Une route perdue dans les bois
L’accès se mérite. Il faut quitter la route provinciale SP58 à hauteur de Villa Vergano, puis s’engager sur une petite route sinueuse, parfois étroite, qui grimpe à flanc de montagne. Le dernier tronçon est barré : on laisse la voiture et continue à pied. Dix minutes de descente à travers un bois calme, presque trop calme. Et soudain, entre les branches, le minaret de Consonno apparaît. Insolite. Hors du temps.
Un rêve nommé Mario Bagno
Difficile d’imaginer qu’ici vivait, au XIe siècle, un hameau rural d’une centaine d’âmes. Le tournant ? 1962, quand Mario Bagno, entrepreneur fantasque, achète l’intégralité du village avec un projet délirant : transformer Consonno en un Las Vegas lombard, une « cité des jouets » aux architectures exotiques. Tout est rasé, sauf l’église, le presbytère et le cimetière. À leur place, un hôtel de luxe, une galerie commerçante, une salle de bal en plein air, des restaurants kitsch, et ce fameux minaret façon Mille et Une Nuits.
Quand la fête s’arrête
Pendant quelques années, Consonno brille. On y danse, on y dîne, on y vient voir des concerts avec Mina ou Adriano Celentano. Sur les pancartes, Bagno proclame : « À Consonno, c’est toujours la fête ! »
Mais la montagne a ses humeurs. En 1966, un glissement de terrain coupe la route d’accès. Bagno la fait réparer. Dix ans plus tard, un second glissement, plus violent, anéantit tout espoir. La route est impraticable, l’élan brisé. Consonno meurt une première fois. Bagno rêve d’en faire une maison de retraite, sans succès. En 2007, quelques jours après une ultime fermeture, une rave party géante transforme les ruines en friche anarchique. C’est la seconde mort de Consonno.
Une promenade surréaliste
Aujourd’hui, visiter Consonno, c’est plonger dans un décor post-apocalyptique, entre végétation sauvage, façades lépreuses et graffitis aux couleurs vives. Le silence est pesant. Le vent fait grincer les tôles. Sous le minaret, les anciens appartements de vacances sont éventrés, ouverts à tous vents. Quelques matelas traînent encore, vestiges d’une nuit sans autorisation.

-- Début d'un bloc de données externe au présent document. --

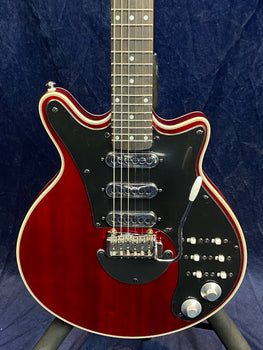 Electric guitar with a deep red body, black pickguard, three chrome pickups, multiple switches, knobs, and a white tremolo arm.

En contrebas, le rez-de-chaussée abrite les restes de la galerie commerciale, où l’on devine encore l’enchaînement des boutiques. Plus loin, l’espace dégagé du Salone delle feste, la salle de bal, n’est plus qu’un terrain vague envahi par les herbes folles.
Un peu plus loin, des pans de murs tagués évoquent les autos tamponneuses et le restaurant panoramique. Tout n’est que béton, ruine, poussière. Et pourtant… quelque chose subsiste. Un charme étrange. Celui des rêves brisés.

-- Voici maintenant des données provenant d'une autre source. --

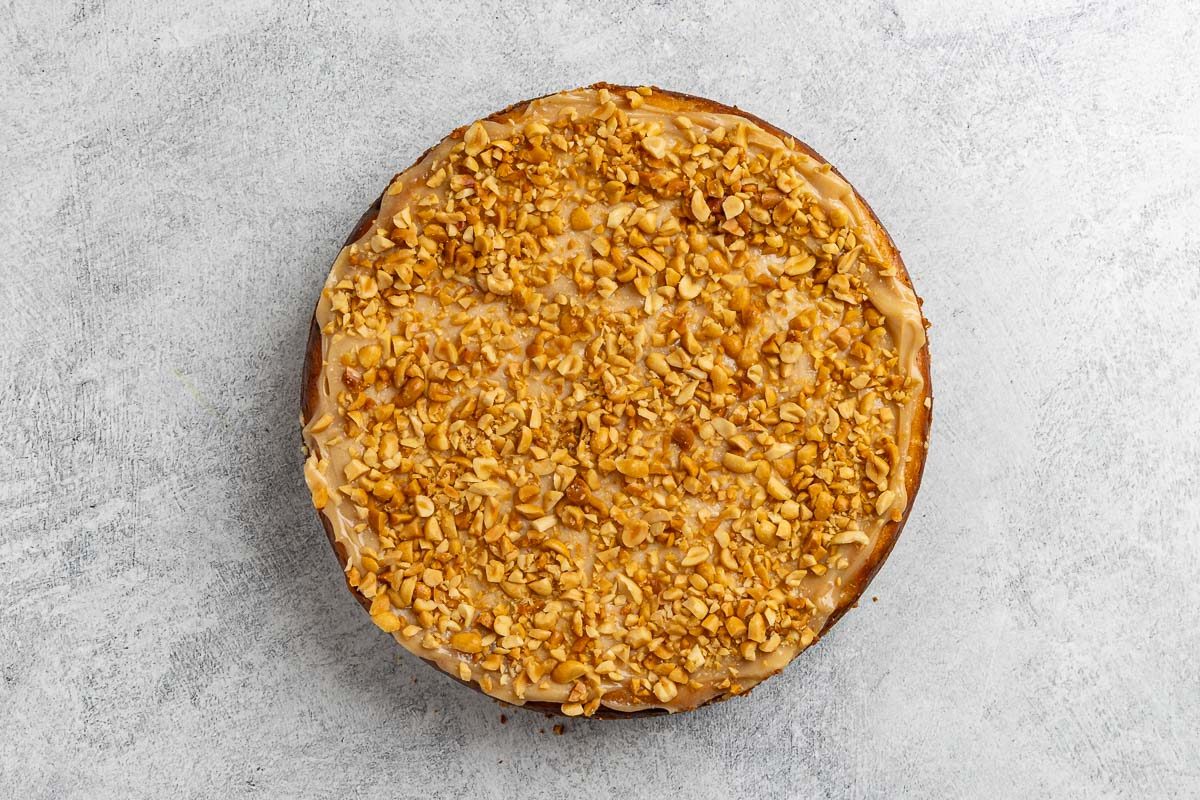 cooled and refridgerated cheesecake with the sides of the pan removed.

Conclusion – Que reste-t-il, quand tout s’efface ?
Ce voyage entre friches, villas oubliées, châteaux fatigués et asiles désertés n’était pas un simple inventaire de lieux abandonnés. C’était une plongée dans le silence des choses, dans ce que les murs murmurent quand les hommes s’en vont.
Avec Audrey, nous n’avons pas cherché le spectaculaire. Nous avons laissé nos pas nous guider, l’intuition ouvrir les grilles rouillées, et l’imagination réchauffer les couloirs glacés du temps. Chaque lieu, à sa manière, posait une question : que devient un espace quand il n’a plus d’utilité ? Que reste-t-il d’un rêve, d’un projet, d’une vie, quand la nature, l’oubli ou le béton viennent refermer la parenthèse ?
Est-ce que l’abandon est une fin ou un autre commencement ?
Est-ce que ces lieux meurent… ou est-ce nous qui avons oublié d’écouter ?
Je ne sais pas si ces endroits seront un jour restaurés, détruits ou simplement avalés par les ronces. Mais je sais qu’en y marchant, l’espace d’un instant, ils ont repris vie. Par nos regards, nos frissons, nos silences respectueux.
Et peut-être est-ce cela, finalement, l’urbex : une forme de dialogue avec ce qui reste. Une manière de dire à ces lieux : je t’ai vu, tu n’es pas tout à fait mort.